Now the ginners who have purchased phutti at the exorbitant price of Rs1,700 per 40 kg are not in a position to reduce the asking price over-much while the spinners too express their inability to lift cotton above the export parity of yarn.

A stalemate has thus developed leaving both the spinners and ginners in a quandary. The spinners are complaining of having accumulated heavy stocks at the forbidding price of Rs3,400/3,600 in the beginning of the season.

The building of long position is thus causing the spinners serious financial crunch and they do not know how to get out of the impasse.

The ginners too have been placed in a serious financial predicament due to the accumulation of huge unsold stocks, estimated at 2 million bales, as they failed to dispose them off when the prices were at their peak.

Spinners resorted to panic buying following the rumour of heavy shortfall in the cotton output and now have to face the music because of strong indications that the domestic cotton output may exceed 10 million bales.

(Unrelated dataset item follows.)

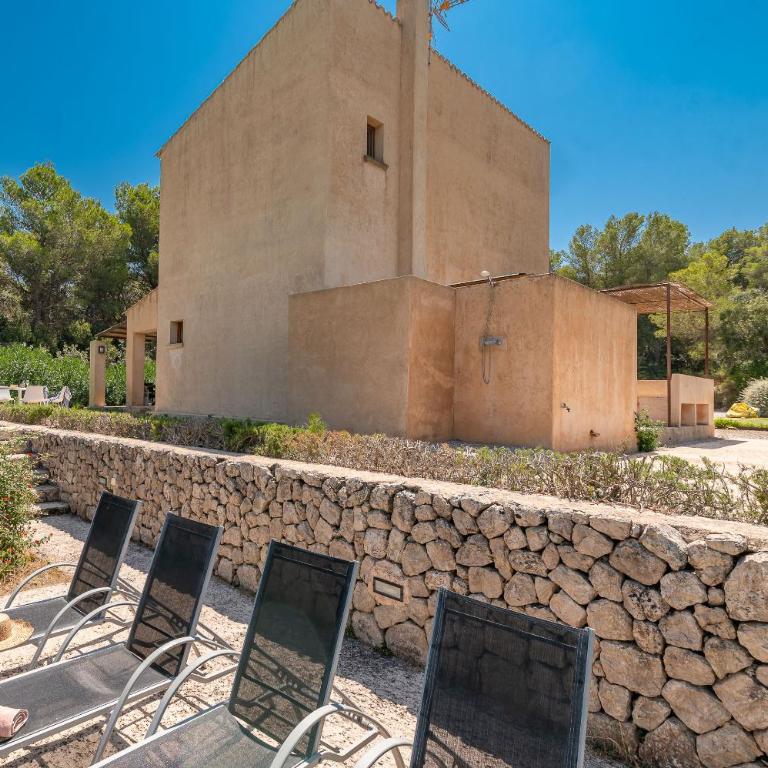 Villa Comellar by Sealand Villas - Villa con piscina privada - 31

They even opted for the import of foreign cotton at a time when international lint prices were at the 15-year peak level but now have to stew in their juice as the world cotton prices have declined by 15 cents per lb, eroding their competitive edge in the international market completely.

The May and July contracts in the New York futures recorded a loss of 131 cents per lb each at 64.62 and 66.04 cents, respectively on Friday last in a flurry of speculative selling making the cotton outlook all the more gloomy and cheerless. Analysts said that with the sharp drop in lint prices, the sale price for many textile items have also declined drastically.

With this depressing scenario, the sale momentum of cotton has been withering over the past several weeks. Enquiries for cotton have become sparse while a disturbing quietness continues to envelop the market.

According to some brokers, there are still some quantities of seed-cotton, which are reportedly arriving in the ginning factories from DG Khan in Punjab and some other stations in Sindh.

According to agents for international merchants in Karachi, the offers for most varieties of shipment cotton from the CAS (Central Asian States), West Africa and the United States have suffered a decline of 4 to 5 cents a pound recently.

Some analysts are projecting that because the growers received a good return this year (2003-04), they are likely to plant more cotton in many countries which could restrain prices from rising in the forthcoming season (2004-05). Anyhow, it is too early to project anything at present due to many uncertainties.

The ginners still maintain that cotton crop will be less than officially projected and are resisting further decline in prices, steep decline in world prices notwithstanding.

It is not possible to sell below Rs3,000 after having purchased phutti at Rs1,500/1,700 per 40 kg. However, to many astute brokers, the future outlook of cotton appears to be gloomy in view of the bearish world market outlook.

But the ginners do not take such a pessimistic view of the situation as they hope to cash in on a short crop.